2. As the scores increased by 10-point intervals from 580 to 800, the male-female ratio increased in almost all cases, reaching a peak of 2.12-t0-1 for scores of 780. For perfect scores of 800, the male-female ratio was 1.95-t0-1.
3. More women (873,896) than men (768,554) took the SAT test in 2010, and to adjust for those differences in sample sizes, we can calculate that 1.19% of males had perfect 800 scores compared to 0.54% of females, for an adjusted male-female ratio of 2.21-to-1 (vs. the 1.95 unadjusted ratio).
These results are especially significant because female high school students are generally better students overall than males, and equally or better prepared for the SAT Math test than male students:
a. Females outnumbered males in the top 10% of their 2011 graduating classes - there were 127 female students in the top 10% of high school classes for every 100 male students (56% female to 44% male).
b. Nationwide, there were 144 female high school students with GPAs of A+ for every 100 males (59% female vs. 41% male).
c. Females had a higher average GPA of 3.40 compared to 3.27 on average for male students in 2011.
d. More high school girls than boys took advanced AP/honors math classes in high school (117 females per 100 males) and science classes (122 females per 100 males).
e. More high school girls (54%) than boys (46%) studied mathematics for four years in high school, and those percentages were the same for students studying four years of high school science.
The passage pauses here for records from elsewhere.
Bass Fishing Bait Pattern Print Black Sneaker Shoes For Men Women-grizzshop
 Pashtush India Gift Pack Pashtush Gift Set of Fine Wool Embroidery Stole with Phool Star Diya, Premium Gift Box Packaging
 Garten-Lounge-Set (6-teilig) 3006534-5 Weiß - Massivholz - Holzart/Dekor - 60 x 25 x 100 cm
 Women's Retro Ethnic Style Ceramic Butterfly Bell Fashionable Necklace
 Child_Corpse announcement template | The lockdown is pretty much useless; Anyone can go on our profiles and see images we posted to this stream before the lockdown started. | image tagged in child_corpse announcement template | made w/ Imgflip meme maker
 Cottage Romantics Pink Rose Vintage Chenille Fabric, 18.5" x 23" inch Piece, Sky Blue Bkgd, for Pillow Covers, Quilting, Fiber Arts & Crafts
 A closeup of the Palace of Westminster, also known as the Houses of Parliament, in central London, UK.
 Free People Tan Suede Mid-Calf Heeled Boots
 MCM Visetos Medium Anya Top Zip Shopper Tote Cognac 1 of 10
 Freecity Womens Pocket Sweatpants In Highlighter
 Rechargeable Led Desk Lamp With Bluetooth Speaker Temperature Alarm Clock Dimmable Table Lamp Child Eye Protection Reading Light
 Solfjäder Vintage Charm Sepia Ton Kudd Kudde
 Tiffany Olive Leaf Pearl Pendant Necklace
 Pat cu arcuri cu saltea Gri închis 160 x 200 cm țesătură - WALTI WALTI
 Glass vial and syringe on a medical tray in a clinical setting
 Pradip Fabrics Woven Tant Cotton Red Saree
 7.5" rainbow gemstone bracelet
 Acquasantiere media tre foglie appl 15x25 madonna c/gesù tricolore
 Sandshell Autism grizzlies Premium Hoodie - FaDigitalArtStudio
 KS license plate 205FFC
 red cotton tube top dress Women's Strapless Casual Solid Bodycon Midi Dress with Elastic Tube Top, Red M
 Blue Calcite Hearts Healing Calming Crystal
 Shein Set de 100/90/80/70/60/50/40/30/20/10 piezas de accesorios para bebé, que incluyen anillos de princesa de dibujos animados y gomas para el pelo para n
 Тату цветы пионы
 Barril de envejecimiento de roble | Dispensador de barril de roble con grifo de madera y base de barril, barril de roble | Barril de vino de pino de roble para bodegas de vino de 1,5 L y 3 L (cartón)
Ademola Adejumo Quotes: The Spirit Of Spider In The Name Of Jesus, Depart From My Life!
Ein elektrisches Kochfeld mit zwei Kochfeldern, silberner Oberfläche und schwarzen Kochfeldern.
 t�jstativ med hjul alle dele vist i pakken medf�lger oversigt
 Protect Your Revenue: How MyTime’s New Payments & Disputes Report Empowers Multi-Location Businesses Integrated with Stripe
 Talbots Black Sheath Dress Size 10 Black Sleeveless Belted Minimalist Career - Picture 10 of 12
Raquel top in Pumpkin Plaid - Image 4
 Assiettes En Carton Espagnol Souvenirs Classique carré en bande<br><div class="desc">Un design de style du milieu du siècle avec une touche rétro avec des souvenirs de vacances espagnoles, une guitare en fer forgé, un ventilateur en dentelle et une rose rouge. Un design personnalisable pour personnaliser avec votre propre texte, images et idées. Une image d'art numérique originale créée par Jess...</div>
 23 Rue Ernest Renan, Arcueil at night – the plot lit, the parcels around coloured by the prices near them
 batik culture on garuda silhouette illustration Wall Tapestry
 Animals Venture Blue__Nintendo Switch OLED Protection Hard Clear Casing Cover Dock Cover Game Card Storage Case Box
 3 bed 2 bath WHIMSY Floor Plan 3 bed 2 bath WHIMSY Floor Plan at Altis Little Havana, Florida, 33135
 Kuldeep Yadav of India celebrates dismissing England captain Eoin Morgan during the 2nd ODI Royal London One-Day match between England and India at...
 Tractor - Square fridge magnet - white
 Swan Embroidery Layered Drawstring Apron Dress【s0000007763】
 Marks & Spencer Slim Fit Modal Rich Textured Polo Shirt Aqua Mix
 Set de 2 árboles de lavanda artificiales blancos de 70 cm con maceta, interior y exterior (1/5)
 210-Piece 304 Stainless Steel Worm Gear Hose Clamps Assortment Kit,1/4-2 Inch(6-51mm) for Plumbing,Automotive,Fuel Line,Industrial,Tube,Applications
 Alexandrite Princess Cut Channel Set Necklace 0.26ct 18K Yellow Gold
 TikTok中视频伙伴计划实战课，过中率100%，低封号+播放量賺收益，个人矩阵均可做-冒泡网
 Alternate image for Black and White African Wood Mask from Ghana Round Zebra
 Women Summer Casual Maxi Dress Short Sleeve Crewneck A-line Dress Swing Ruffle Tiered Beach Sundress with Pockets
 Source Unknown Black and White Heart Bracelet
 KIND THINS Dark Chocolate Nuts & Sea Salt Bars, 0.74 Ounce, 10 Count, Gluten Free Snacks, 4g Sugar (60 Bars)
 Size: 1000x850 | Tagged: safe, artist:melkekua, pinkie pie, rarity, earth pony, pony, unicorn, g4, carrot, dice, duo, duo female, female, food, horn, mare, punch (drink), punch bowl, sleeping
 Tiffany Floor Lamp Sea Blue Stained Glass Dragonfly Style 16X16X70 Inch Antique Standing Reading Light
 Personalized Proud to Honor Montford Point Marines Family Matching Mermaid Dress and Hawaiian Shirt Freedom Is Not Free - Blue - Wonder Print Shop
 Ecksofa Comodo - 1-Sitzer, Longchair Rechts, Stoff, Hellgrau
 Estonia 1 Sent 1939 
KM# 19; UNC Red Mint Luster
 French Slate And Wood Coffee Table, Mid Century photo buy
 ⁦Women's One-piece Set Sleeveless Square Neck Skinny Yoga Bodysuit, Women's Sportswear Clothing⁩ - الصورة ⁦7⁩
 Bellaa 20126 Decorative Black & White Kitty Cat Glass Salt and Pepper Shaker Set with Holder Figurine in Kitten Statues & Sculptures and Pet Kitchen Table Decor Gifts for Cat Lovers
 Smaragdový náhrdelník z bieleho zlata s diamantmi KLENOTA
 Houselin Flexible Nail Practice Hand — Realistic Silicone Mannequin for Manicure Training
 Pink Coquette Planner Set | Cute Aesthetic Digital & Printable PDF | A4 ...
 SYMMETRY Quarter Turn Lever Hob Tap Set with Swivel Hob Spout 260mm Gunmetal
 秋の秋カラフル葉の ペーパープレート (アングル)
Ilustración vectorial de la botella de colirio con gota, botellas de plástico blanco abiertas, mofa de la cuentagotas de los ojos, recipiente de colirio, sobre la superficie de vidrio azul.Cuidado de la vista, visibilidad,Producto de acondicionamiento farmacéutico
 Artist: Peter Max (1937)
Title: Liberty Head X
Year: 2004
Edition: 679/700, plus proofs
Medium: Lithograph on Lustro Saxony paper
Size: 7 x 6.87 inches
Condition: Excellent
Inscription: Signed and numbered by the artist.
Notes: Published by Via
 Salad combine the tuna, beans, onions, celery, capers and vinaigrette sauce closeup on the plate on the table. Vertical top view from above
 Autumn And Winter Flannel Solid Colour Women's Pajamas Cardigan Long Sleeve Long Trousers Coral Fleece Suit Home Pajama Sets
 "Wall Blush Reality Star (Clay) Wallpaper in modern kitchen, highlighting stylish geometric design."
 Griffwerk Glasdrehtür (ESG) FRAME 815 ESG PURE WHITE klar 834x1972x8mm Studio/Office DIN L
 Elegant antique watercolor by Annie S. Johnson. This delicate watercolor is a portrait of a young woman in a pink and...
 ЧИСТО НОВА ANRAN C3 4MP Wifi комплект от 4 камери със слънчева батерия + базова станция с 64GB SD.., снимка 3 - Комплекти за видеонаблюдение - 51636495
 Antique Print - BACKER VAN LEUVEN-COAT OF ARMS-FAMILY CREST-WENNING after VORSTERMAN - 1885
Despite the huge differences in math performance by gender (both on average and at the high end of performance), we frequently hear statements like this: "There just aren't gender differences anymore in math performance," says Universityof Wisconsin-Madison psychology professor Janet Hyde, "So parents and teachers need to revise their thoughts about this. Stereotypes are very, very resistant to change, but as a scientist I have to challenge them with data."
Given the significant and persistent gender differences in SAT math test scores that have persisted over many generations, the scientific data about gender differences in math performance would seem to present a serious challenge to Professor Hyde's claims of no gender differences in math performance.